An electronic control unit 70 is connected via signal cables to the first temperature transducer 42, to the second temperature transducer 44 to the variable speed drive 11 and to the variable speed drive 37. The electronic control unit is configured to adapt the speed of the LNG feed pump 10, and/or the speed of the second medium pump 32 in response to the temperature signals from the two pressure transducers 42, 44 and in order to maintain the desired temperature of the cooling medium leaving the gas refrigerator 40. The electronic control unit 70 can also be configured to control the temperature of the second medium between the second heat exchanger 50 and the LNG vaporizer 30.

Thus, the energy in the form of both coldness in the LNG and chemical energy in the LNG is transferred in the form of cooling to a cooling system through an evaporator and a gas refrigerator. The purpose of the absorption or adsorption process other than to translate large amounts of energy bound in the gas, is to prevent methane and other gas emissions to the atmosphere.

As mentioned above, the "gas" refrigerator 40 can be of the adsorption type or of the absorption type. The gas refrigerator 40 will hereafter be described in greater detail .

Fig. 3 is a diagrammatic representation of an absorption type gas driven refrigerator 40. The refrigerator 40 comprises a generator where the heat from burning the natural gas (eventually supplied by other sources such as surplus steam) is applied and evaporates a separated part of the process liquid into vapor. The remainder liquid part flows to the absorber. The vapor enters a condenser, e.g. cooled with sea water, where the vapor separated part from the generator is condensed. The liquid is transported from the condenser to the evaporator by pressure differences. In the evaporator, where an under pressure is established, the external circuit is cooled as the condensed liquid boils to vapor prior to entering the absorber. In the absorber the vapor from the evaporator is absorbed by the remainder liquid part from the generator stage. The liquid is transported from the absorber to the generator by means of a pump. The process liquid is a solution of a refrigerant and an absorber with properties suitable for the thermodynamical process.
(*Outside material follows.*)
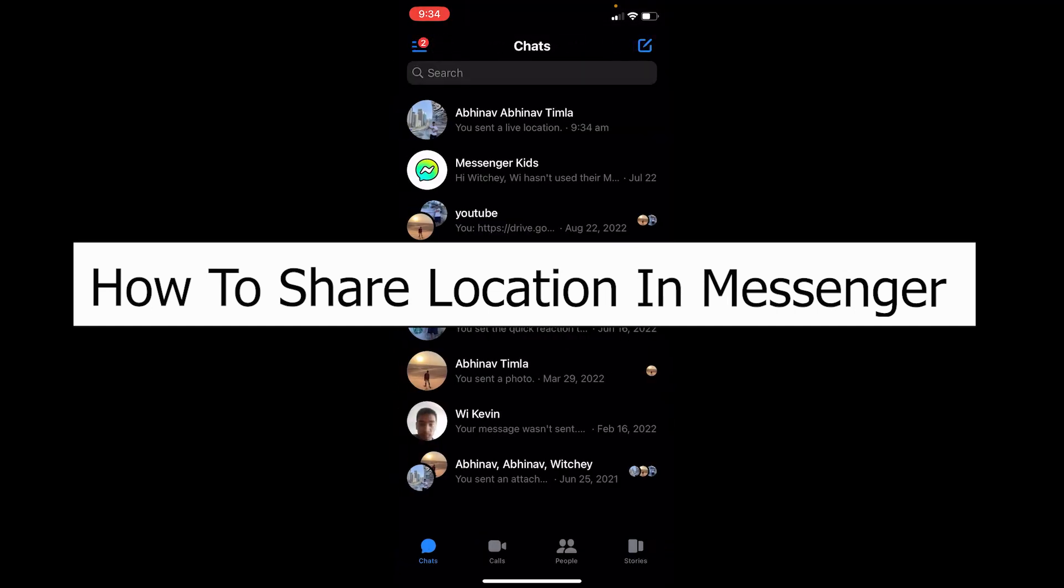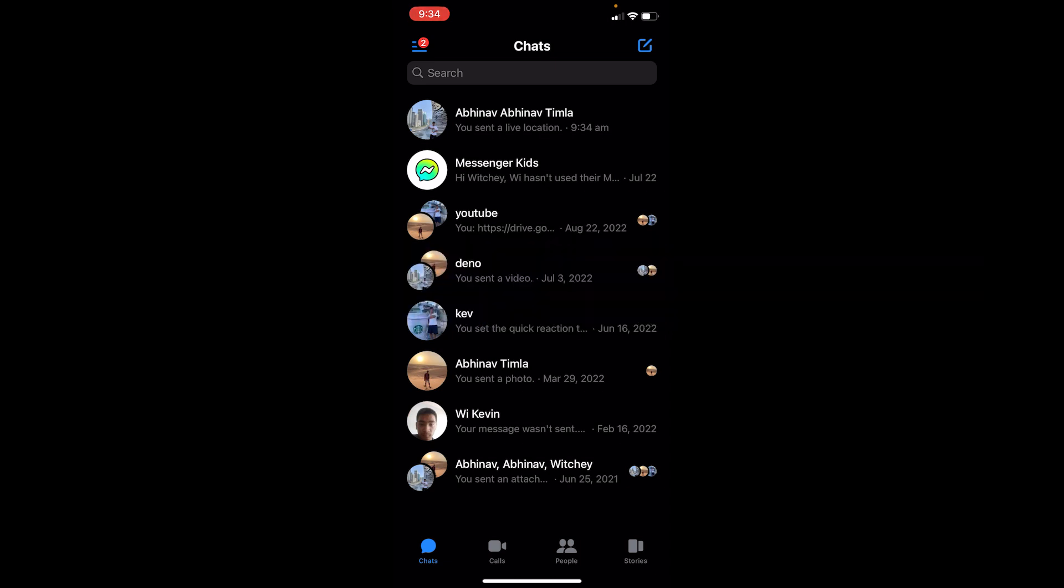Welcome back to our channel How to Guide, where we post guide videos. In today's video, I will be showing you guys how you can share your location on Messenger. It's pretty simple, so follow the steps.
Fig. 4 is a diagrammatic representation of an adsorption type gas driven refrigerator. The adsorption type refrigerator uses solid sorption materials. The system comprises of a number of adsorbers, as often 2, filled with a material that adsorbs water, a condenser, and an evaporator. More than one adsorber is needed to maintain continuously cooling. One of the adsorbents, which has adsorbed a refrigerant liquid, is dried out by applying heat and vapor is generated which flows to the condenser, which is e.g. cooled with sea water, where it is condensed while heat is transferred. The heat input stops to this particular adsorbent when the absorber is dried out.

The condensed liquid is continuously transferred to the evaporator where it evaporates at low pressure when in contact with the cooling liquid coil. The dried adsorbent aspires the vapor and accumulates it. Due to the evaporation cooling is generated. Water is expected to be the refrigerant liquid and the solid sorption material to be silica gel or alternative material. The driving force for refrigerant circulation is vapor pressure differentials created by a mechanical or thermal device and gravity.

The invention has been described in conjunction with various embodiments herein. However, other variations to the disclosed embodiments can be understood and effected by those skilled in the art in practicing the claimed invention, from a study of the drawings, the disclosure, and the appended claims. In the claims, the word "comprising" does not exclude other elements or steps, and the indefinite article "a" or "an" does not exclude a plurality. A single processor or other control unit may fulfil the functions of several items recited in the claims. The mere fact that certain measures are recited in mutually different dependent claims does not indicate that a combination of these measured cannot be used to advantage. The reference signs used in the claims shall not be construed as limiting the scope.